Est-ce qu'il serait prêt à payer ce prix à chaque fois qu'il souhaiterait l'entendre chanter ? Non, sans doute pas, mais il ne pouvait pas toujours voir le mauvais côté des choses, n'est-ce pas ? Un tel désir de trouver du bon dans du mal était trop rare chez lui pour qu'il s'en prive. Toujours allongé sur le sol, Solan regardait Amaëlys qui s'éloignait dans le but de lui concocter une potion censée apaiser ses douleurs. À mesure qu'il la voyait virevolter ici et là à la recherche des plantes qu'il lui fallait, Solan ne put s'empêcher de repenser à cette nuit qu'ils avaient passée ensemble, il y a trois ans de cela. Il se répétait que tout cela n'était que pur hasard, et pourtant ... quels chemins avaient-ils pris tous les deux pour qu'ils se retrouvent à nouveau après tant de temps ? Ils n'étaient jamais censés se revoir, et pourtant c'était comme si le destin en avait décidé autrement. Le destin ? Il se sentait presque coupable d'avoir prononcé, même intérieurement, un tel mot. Il n'avait jamais cru en ce concept, pas plus qu'en la volonté d'Eydis. Malgré ça, il ne pouvait pas se résigner à penser que le hasard faisait si bien les choses qu'il puisse réunir deux individus comme eux après des mois de séparation. Ne pas savoir quoi penser était rageant, frustrant même: les choses semblaient beaucoup plus faciles pour Amaëlys qui, par sa nature de druidesse, croyait forcément que tout cela n'était que le fruit de la volonté d'Eydis. Elle, elle n'avait pas à se torturer l'esprit comme lui actuellement, au moins. À cet instant, il se demandait si le fait qu'Eydis les aient remis sur la même route impliquait une finalité, un but, quelque chose, n'importe quoi ... Y avait-il seulement une réponse à cela ? Il n'était pas né avec le don de divination et, à ce moment, il le déplorait.

Quelques minutes plus tard, Amaëlys revint finalement vers lui. Apparemment, elle semblait ravie de ses trouvailles et ne tarda d'ailleurs pas à se mettre à sa besogne. De son sac, elle extirpa quelques ustensiles dont la simplicité étonna Solan: de quoi écraser et mélanger les plantes, et c'était tout, apparemment. Ainsi, la fabrication d'une potion à même d'apaiser les maux était-elle vraiment si simple à réaliser ? Il avait payé assez de baumes et de mixtures en tout genre pour savoir que ceux qui les fabriquaient ne les cédaient qu'à prix d'or, si bien qu'il ne pouvait s'empêcher de se sentir flouer. Enfin, peut-être était-ce simplement les gestes experts d'Amaëlys qui lui donnaient cette impression de facilité ? Visiblement, elle savait ce qu'elle faisait et, quelque part, ça le rassurait. Soudain, la voix de la jeune femme attira son attention sur elle plutôt que sur son entreprise. Elle le questionnait sur Lis.
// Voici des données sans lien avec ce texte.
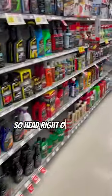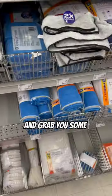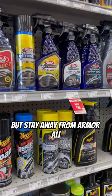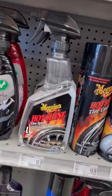Here are 3 basic items you need to wash or detail your car from AutoZone. Head over to the car wash section and grab some microfiber cloths — don't cheap out, get these right here. Tire shine is a must, but stay away from Armor All and get something a little bit better, like this Meguiar's.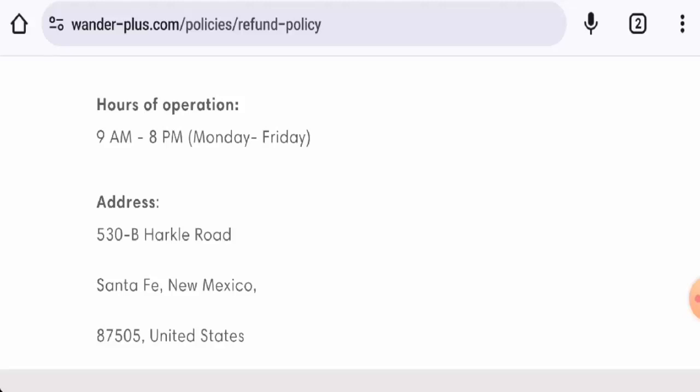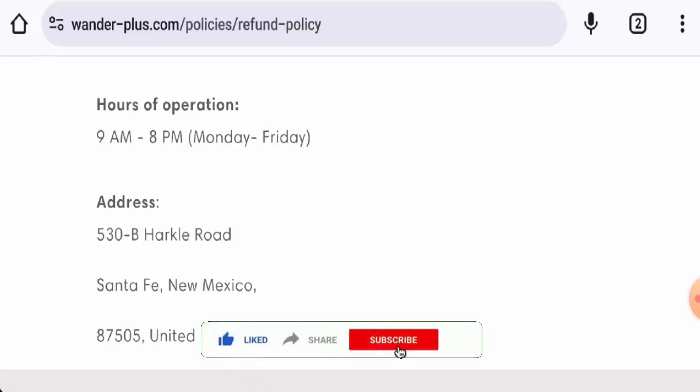We recommend you make the right decision after exploring fully. If this review was helpful, please comment your thoughts. We are always active in answering your comments. That's all for today's video — don't forget to like, share, and subscribe. Have a nice day!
« - Lis ... Je n'ai pas entendu ce nom dans la bouche de quelqu'un d'autre depuis des années. » avoua-t-il, sans vraiment qu'on puisse deviner si c'était à regret ou pas. « - Lis était une ... amie. C'était il y a plus ou moins dix ans, elle et moi faisons partie d'un groupe d'enfants et nous ... survivions, disons, avec tout ce que cela implique. » Il se refusait encore à expliciter tout ça. « - Je viens de Darya, tu sais ? Quand je les ai rencontrés, je ne parlais que le dialecte de mon île. C'est elle qui m'a tout appris: à parler, à lire, à écrire ... Et d'autres choses encore. » Il se tut un instant. Il s'apprêtait à attaquer la partie de ses confessions qui lui paraissait la plus gênante: « - Tu me fais penser à elle. C'est tout. Elle est morte maintenant. »

Il ne lui rendit pas son sourire. Il ne lui en voulait pas de s'être montrée curieuse, mais ça le préoccupait trop. À vrai dire, il fut heureux que la jeune femme lui tende enfin le fruit de son travail. Il n'y avait pas beaucoup du précieux liquide, aussi il l'avala d'une seule traite. Il n'osa pas vraiment lui en dire davantage: si elle le souhaitait, il continuerait de satisfaire sa curiosité. En attendant, il se tut encore un moment et, bientôt, son mal de tête disparut.

« - Bien, je vais mieux. Reprenons notre route, tu veux ? »

Il se leva, ramassa ses affaires et attendit qu'Amaëlys remballe les siennes. Ensuite, ils reprirent leurs chemins, ensemble.